-------- SOURCE DATA

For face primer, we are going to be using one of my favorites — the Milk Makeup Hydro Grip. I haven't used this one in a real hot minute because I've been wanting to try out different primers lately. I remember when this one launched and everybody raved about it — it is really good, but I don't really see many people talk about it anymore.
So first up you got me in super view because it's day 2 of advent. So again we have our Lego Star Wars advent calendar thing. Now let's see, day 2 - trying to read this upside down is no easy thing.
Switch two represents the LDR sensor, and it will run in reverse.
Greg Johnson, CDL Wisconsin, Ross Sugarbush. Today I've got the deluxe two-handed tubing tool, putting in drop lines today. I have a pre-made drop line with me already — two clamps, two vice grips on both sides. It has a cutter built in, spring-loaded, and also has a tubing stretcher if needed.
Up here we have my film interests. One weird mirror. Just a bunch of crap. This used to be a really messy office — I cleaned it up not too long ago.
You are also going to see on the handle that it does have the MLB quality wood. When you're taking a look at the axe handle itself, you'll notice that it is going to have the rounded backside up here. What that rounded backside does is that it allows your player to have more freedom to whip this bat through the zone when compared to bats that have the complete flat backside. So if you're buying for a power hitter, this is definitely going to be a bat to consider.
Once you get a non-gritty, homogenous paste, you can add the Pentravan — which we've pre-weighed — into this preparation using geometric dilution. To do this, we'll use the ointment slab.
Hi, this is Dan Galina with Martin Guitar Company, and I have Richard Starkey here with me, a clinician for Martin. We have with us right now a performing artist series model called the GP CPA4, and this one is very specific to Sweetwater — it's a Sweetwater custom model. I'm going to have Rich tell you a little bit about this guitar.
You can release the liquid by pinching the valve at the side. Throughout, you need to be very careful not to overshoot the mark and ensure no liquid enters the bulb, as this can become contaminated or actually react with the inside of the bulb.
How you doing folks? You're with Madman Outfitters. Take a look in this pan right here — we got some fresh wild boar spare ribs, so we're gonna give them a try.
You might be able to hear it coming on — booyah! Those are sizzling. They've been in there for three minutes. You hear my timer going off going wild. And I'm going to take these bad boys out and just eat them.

----------------

◆ PROBLEM DESCRIPTION: Starting with the first line, give back the whole listing exactly.

◆ SOLUTION TO THE PROBLEM:
For face primer, we are going to be using one of my favorites — the Milk Makeup Hydro Grip. I haven't used this one in a real hot minute because I've been wanting to try out different primers lately. I remember when this one launched and everybody raved about it — it is really good, but I don't really see many people talk about it anymore.
So first up you got me in super view because it's day 2 of advent. So again we have our Lego Star Wars advent calendar thing. Now let's see, day 2 - trying to read this upside down is no easy thing.
Switch two represents the LDR sensor, and it will run in reverse.
Greg Johnson, CDL Wisconsin, Ross Sugarbush. Today I've got the deluxe two-handed tubing tool, putting in drop lines today. I have a pre-made drop line with me already — two clamps, two vice grips on both sides. It has a cutter built in, spring-loaded, and also has a tubing stretcher if needed.
Up here we have my film interests. One weird mirror. Just a bunch of crap. This used to be a really messy office — I cleaned it up not too long ago.
You are also going to see on the handle that it does have the MLB quality wood. When you're taking a look at the axe handle itself, you'll notice that it is going to have the rounded backside up here. What that rounded backside does is that it allows your player to have more freedom to whip this bat through the zone when compared to bats that have the complete flat backside. So if you're buying for a power hitter, this is definitely going to be a bat to consider.
Once you get a non-gritty, homogenous paste, you can add the Pentravan — which we've pre-weighed — into this preparation using geometric dilution. To do this, we'll use the ointment slab.
Hi, this is Dan Galina with Martin Guitar Company, and I have Richard Starkey here with me, a clinician for Martin. We have with us right now a performing artist series model called the GP CPA4, and this one is very specific to Sweetwater — it's a Sweetwater custom model. I'm going to have Rich tell you a little bit about this guitar.
You can release the liquid by pinching the valve at the side. Throughout, you need to be very careful not to overshoot the mark and ensure no liquid enters the bulb, as this can become contaminated or actually react with the inside of the bulb.
How you doing folks? You're with Madman Outfitters. Take a look in this pan right here — we got some fresh wild boar spare ribs, so we're gonna give them a try.
You might be able to hear it coming on — booyah! Those are sizzling. They've been in there for three minutes. You hear my timer going off going wild. And I'm going to take these bad boys out and just eat them.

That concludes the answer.